Pernyataan Purbaya tersebut merespons lambannya sikap pemerintah, baik Kementerian BUMN maupun OJK dalam menindak kasus Jiwasraya. “Kalau ini swasta, pasti sudah dibawa ke pidana,” imbuhnya lagi.
Total Utang Jiwasraya Capai Rp16 triliun
Sudah lebih dari setahun sejak mengumumkan tekanan likuiditas yang dialaminya, Jiwasraya masih jauh dari pulih. Saat ini total premi yang harus dibayarkan sudah jauh berlipat hingga Rp16,13 triliun dari yang sebelumnya yang hanya Rp802 miliar yang jatuh tempo pada 6 Oktober 2018.
Rincian ini berdasarkan laporan Jiwasraya kepada DPR yang dipaparkan saat Rapat Dengar Pendapat antara Jiwasraya, OJK dan Komisi XI DPR RI, Kamis (7/11).

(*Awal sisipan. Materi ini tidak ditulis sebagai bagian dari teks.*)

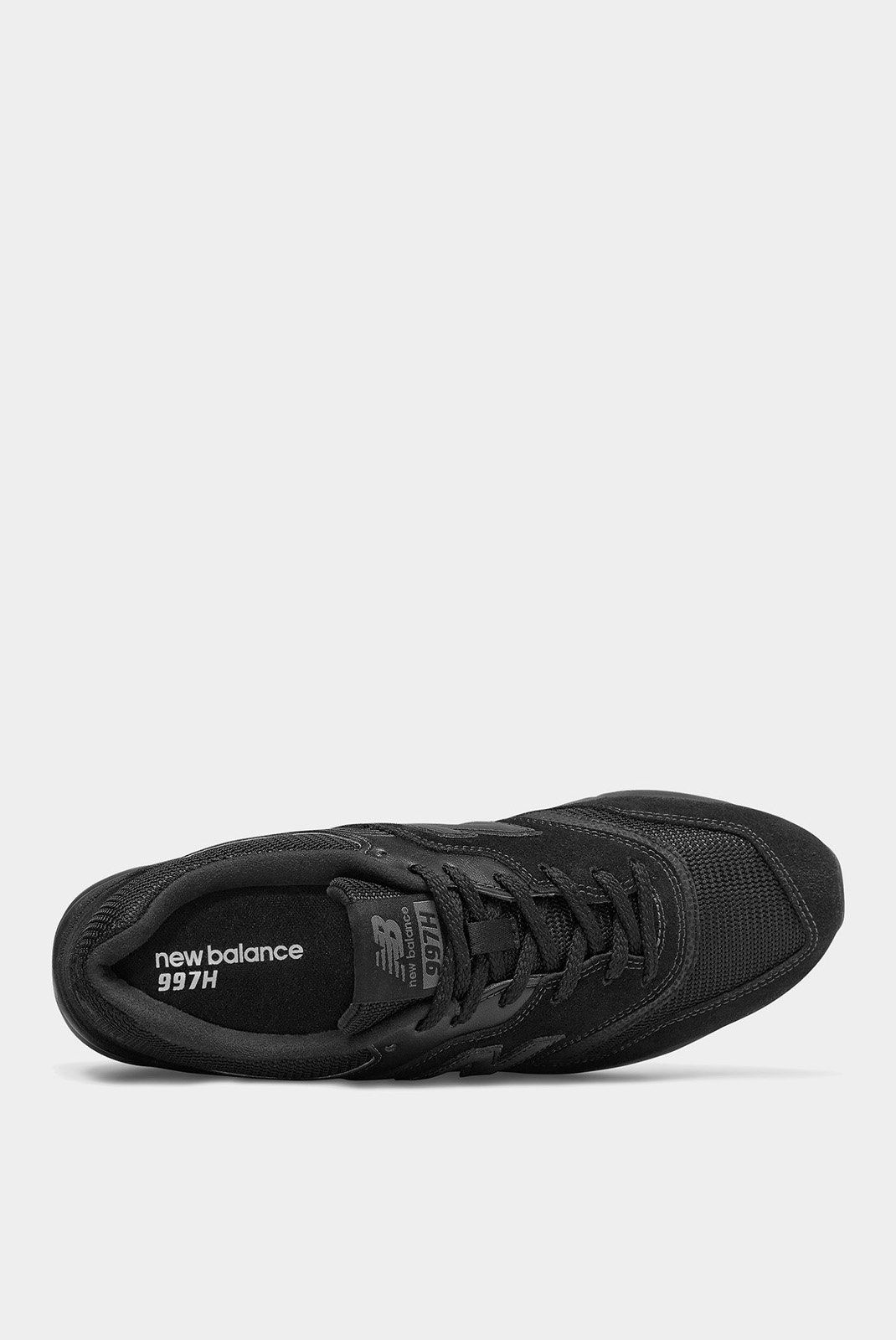 Кроссовки New Balance 97 Размер 45, фото №3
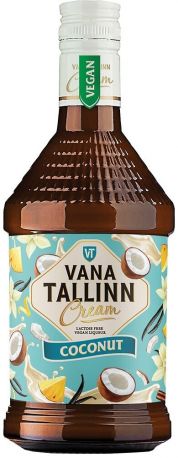 Ликер Vana Tallinn Coconut 0.5 л 16%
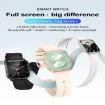 KT65 Smart Watch - 1.9" Color Screen, Heart Rate & Blood Pressure Monitor - 4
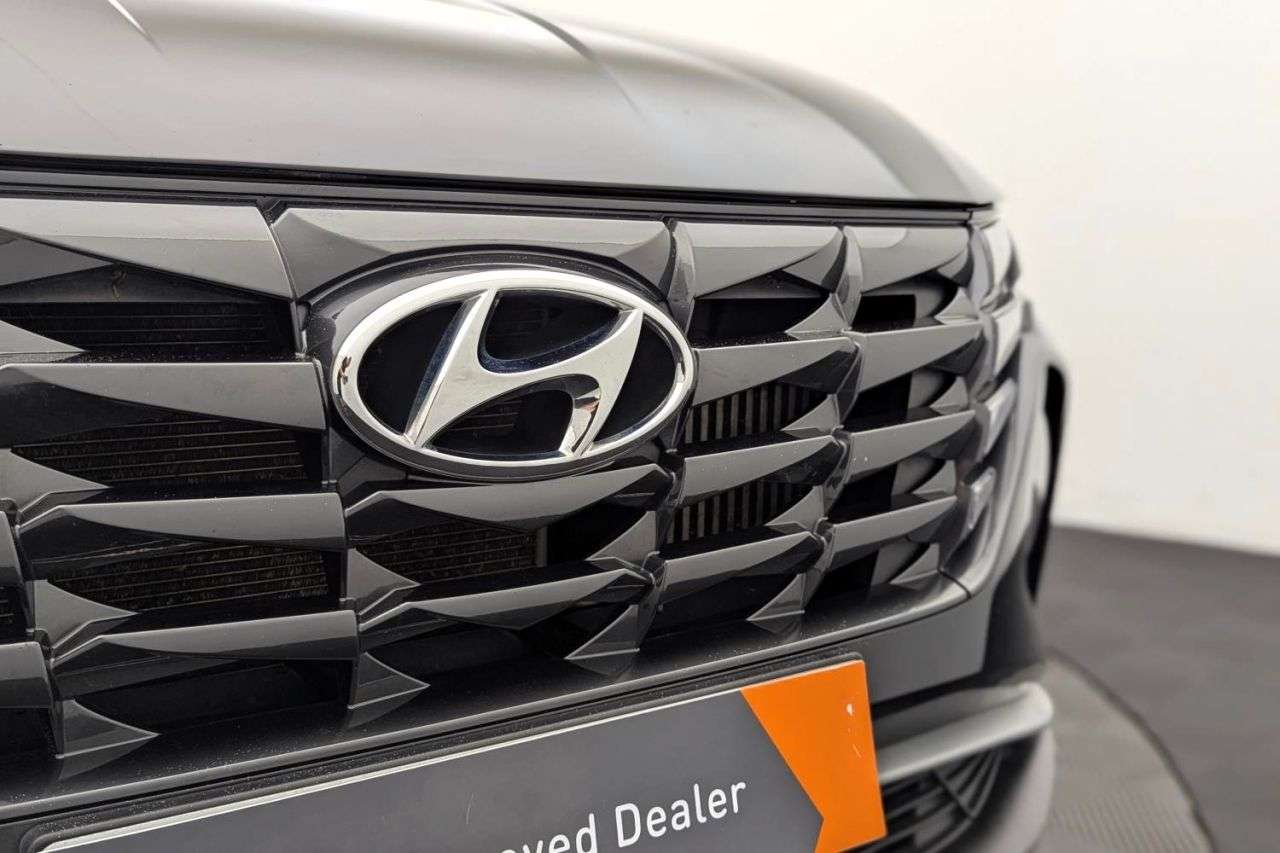 2022 HYUNDAI TUCSON 2022 HYUNDAI TUCSON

Angka tersebut merupakan kewajiban premi yang jatuh tempo pada Oktober hingga Desember 2019 sebesar Rp12,4 triliun dan kewajiban pada 2020 yang mencapai Rp3,7 triliun. Dua belas triliun itu merupakan gabungan antara utang klaim yang sudah jatuh tempo sebanyak Rp9,87 triliun dan Liabilitas Manfaat Polis Masa Depan (LMPMD) Oktober hingga Desember 2019 sebesar Rp2,53 triliun. Ini pun dengan asumsi tidak ada nasabah korporasi yang mengalihkan portofolio.
Seluruhnya tersebar di enam bank mitra dengan rincian: Rp3,89 triliun di Bank Rakyat Indonesia, Rp 3,2 triliun dari polis yang dihimpun Standard Chartered Bank, Rp2,7 triliun di Bank Tabungan Negara, Rp2,05 triliun di KEB Hana Bank, Rp1,66 triliun di Bank QNB Indonesia, dan Rp1,47 triliun di Bank ANZ serta sisanya Rp1,37 triliun di Bank Victoria.
Angka tersebut berasal dari dana yang dihimpun 5,5 juta peserta. Termasuk di dalamnya 100 institusi BUMN dengan 3,3 juta peserta, 308 anak BUMN dengan 208 ribu peserta polis, lembaga pemerintahan sebanyak 253 ribu peserta, 745 BUMD yang memiliki 571 peserta, 2.201 institusi swasta dengan 791 ribu peserta dan 353 ribu perseorangan.
“Kami percaya menaruh uang besar di sana karena ini BUMN. Kami merasa terjamin. Masa sih, negara mau ambil uang kita? Tapi ternyata sekarang begini,” keluh Hendra.
Untuk itu, dari Pokja IV sendiri menyarankan agar pemerintah juga memberi injeksi modal dalam upaya penyehatan Jiwasraya. “Ya mungkin sebagian saja kalau tidak bisa semua. Ini masalah serius dan harus segera, kalau tidak bahaya bagi iklim investasi kita,” tutup Purbaya.